(WORK REQUEST): Print each record exactly as it appears, but drop the images.

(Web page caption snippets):
■ ■ ■ ■ ■
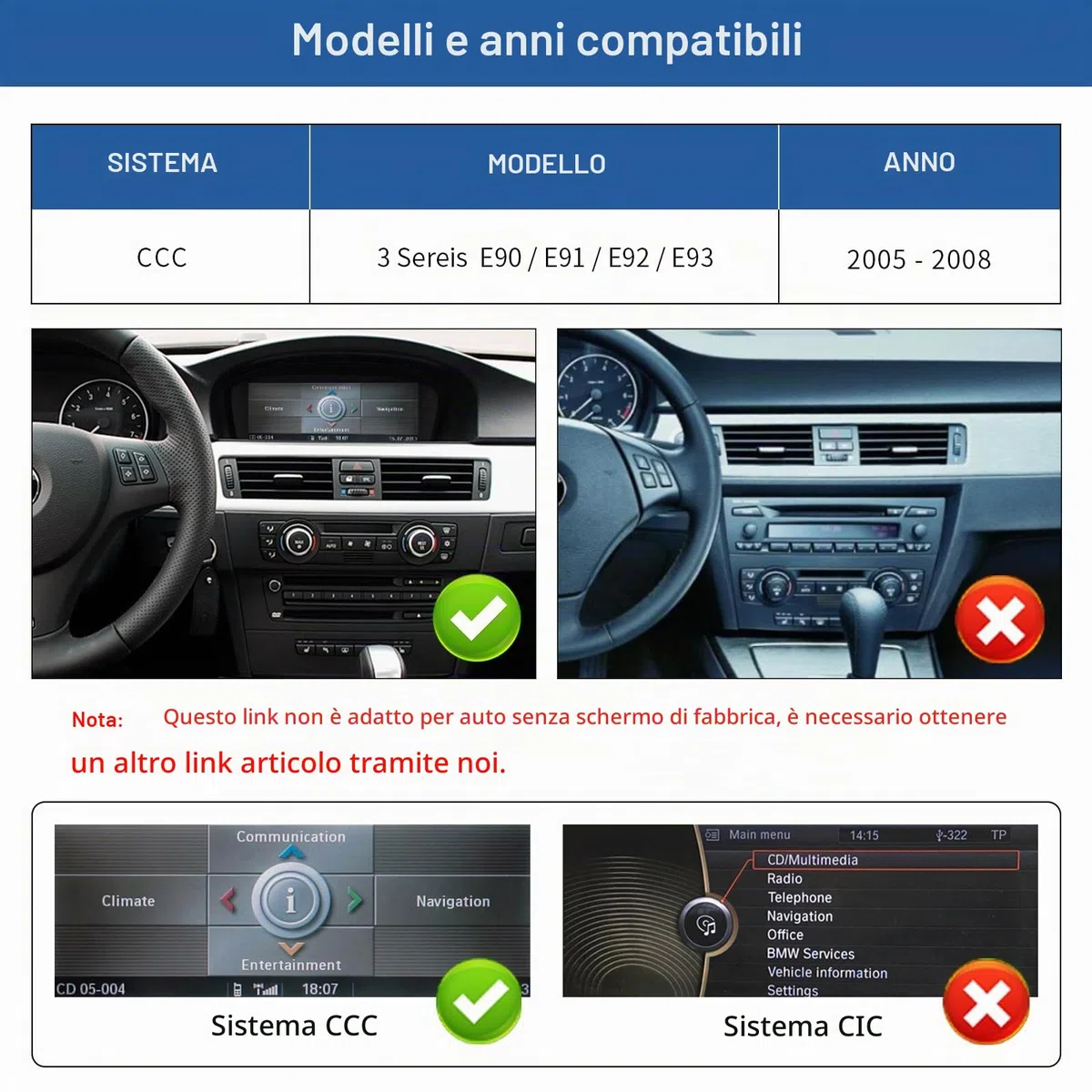 Road Top Autoradio CarPlay 12,3" per BMW Serie 3 E90 E91 E92 E93 con CCC | 2005-2008, Schermo Touchscreen ultrasottile Linux HD IPS, CarPlay senza fili, Android Auto, MirrorLink, Navigazione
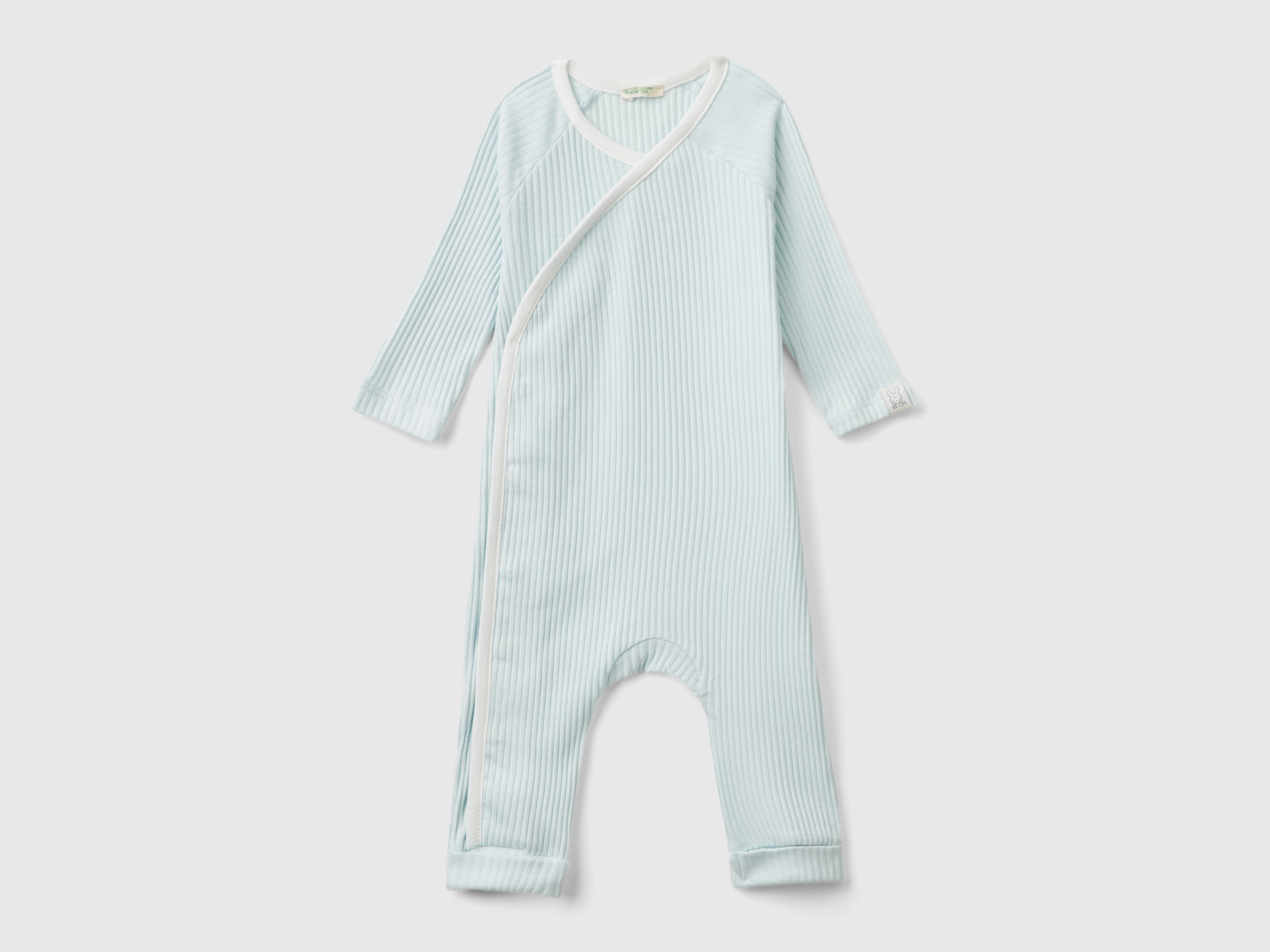 Benetton, Tutina A Costine In Cotone Bio, Verde Chiaro, Bambini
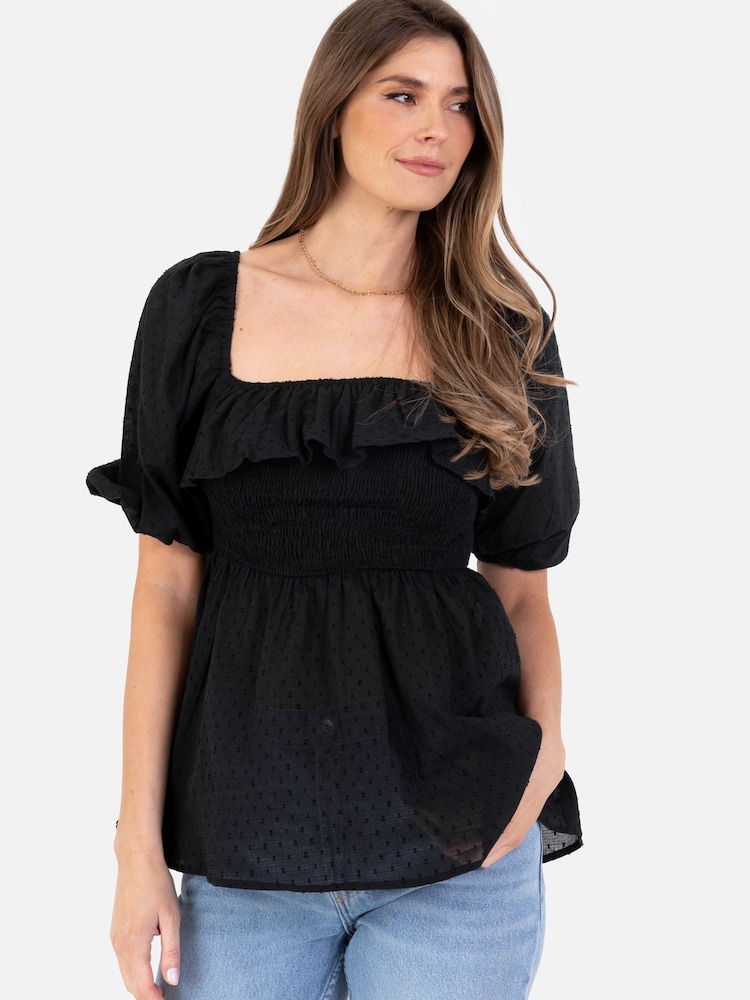 Lovedrobe Cream Smocked Bodice Square Neck Peplum Hem Top With Puff Sleeve - Image 1 of 4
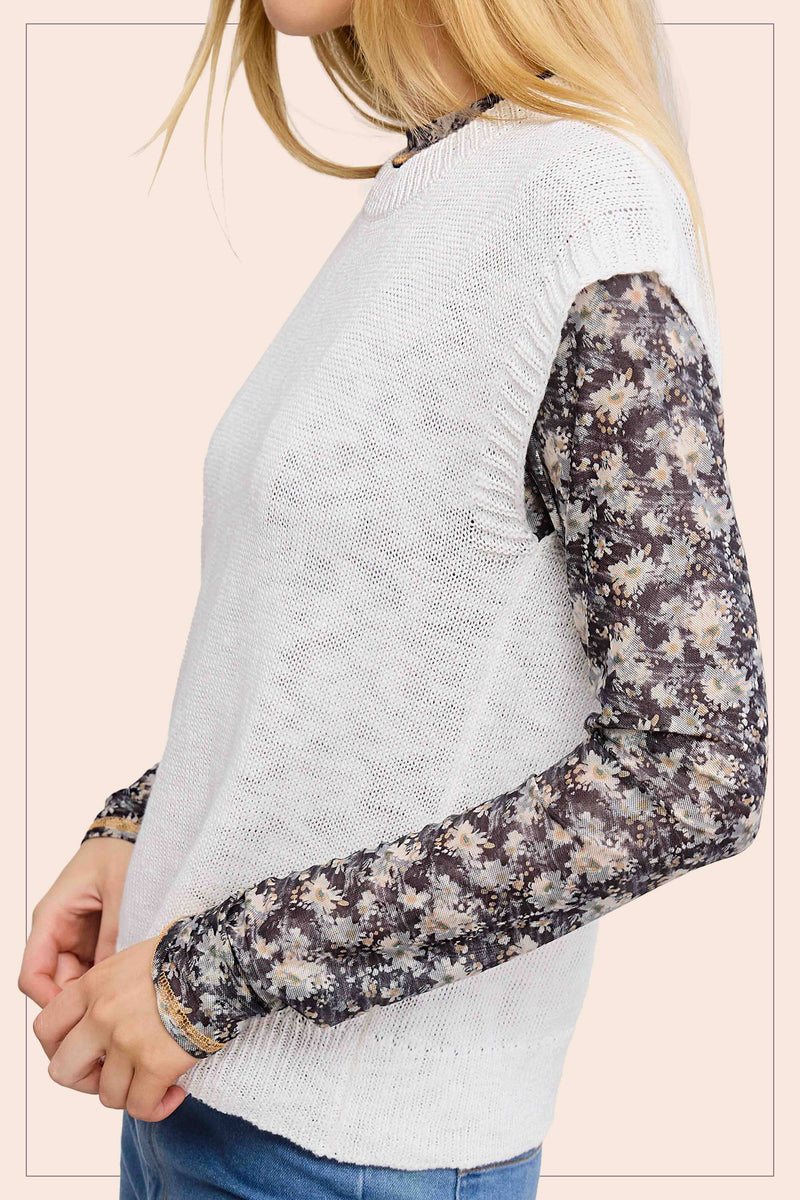 Ivory Loose Knit Crew Neck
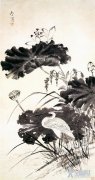 魏学濂《荷花鹭鸶图》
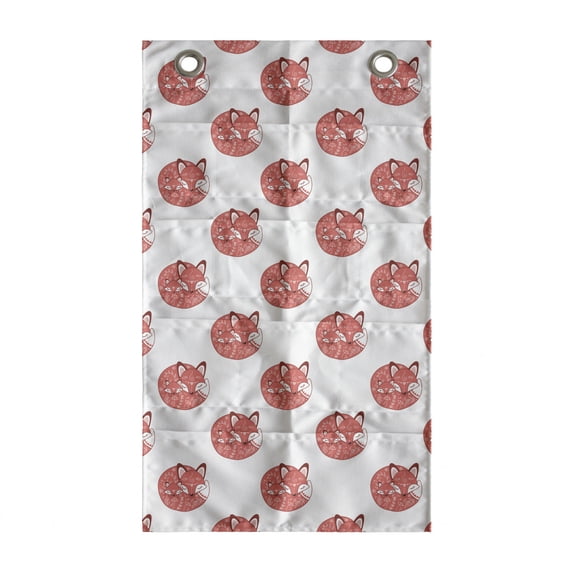 Fox Hanging Pocket Organizer, Forest Animal with the Printed Illustration Woodland Theme, Printed Polyester Storage Bag with Pockets, 21" x 31", Dark Salmon Paprika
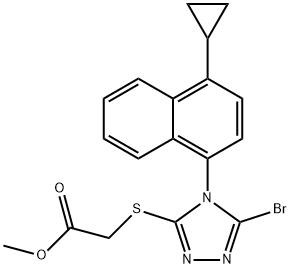 Methyl 2-(5-broMo-4-(4-cyclopropylnaphthalen-1-yl)-4H-1,2,4-triazol-3-ylthio)acetate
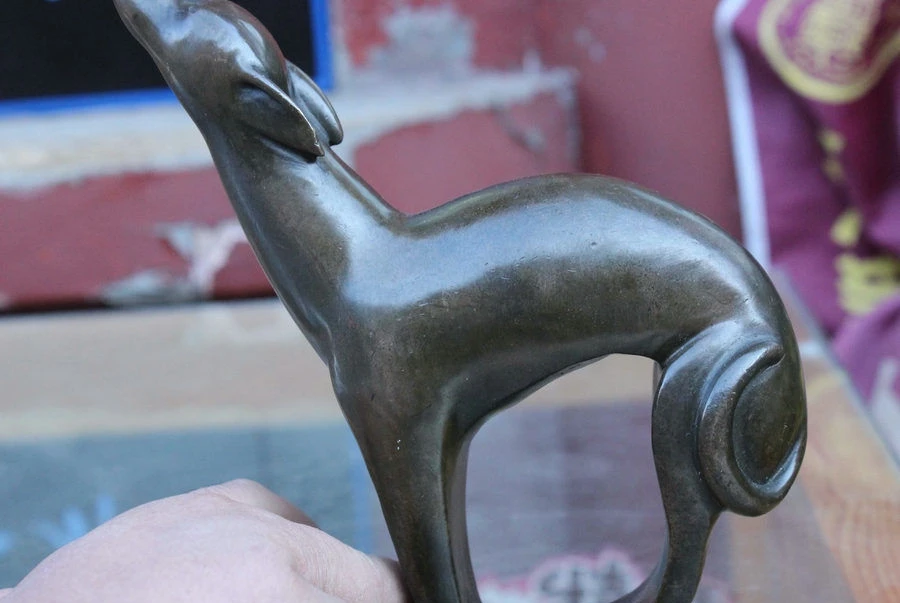 Western Art Bronze Sculpture Italian Greyhound Dog sighthound Statue Figurine | Дом и сад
■ ■ ■ ■ ■
(RESPONSE FOR THIS EXERCISE):
 Road Top Autoradio CarPlay 12,3" per BMW Serie 3 E90 E91 E92 E93 con CCC | 2005-2008, Schermo Touchscreen ultrasottile Linux HD IPS, CarPlay senza fili, Android Auto, MirrorLink, Navigazione
 Benetton, Tutina A Costine In Cotone Bio, Verde Chiaro, Bambini
 Lovedrobe Cream Smocked Bodice Square Neck Peplum Hem Top With Puff Sleeve - Image 1 of 4
 Ivory Loose Knit Crew Neck
 魏学濂《荷花鹭鸶图》
 Fox Hanging Pocket Organizer, Forest Animal with the Printed Illustration Woodland Theme, Printed Polyester Storage Bag with Pockets, 21" x 31", Dark Salmon Paprika
 Methyl 2-(5-broMo-4-(4-cyclopropylnaphthalen-1-yl)-4H-1,2,4-triazol-3-ylthio)acetate
 Western Art Bronze Sculpture Italian Greyhound Dog sighthound Statue Figurine | Дом и сад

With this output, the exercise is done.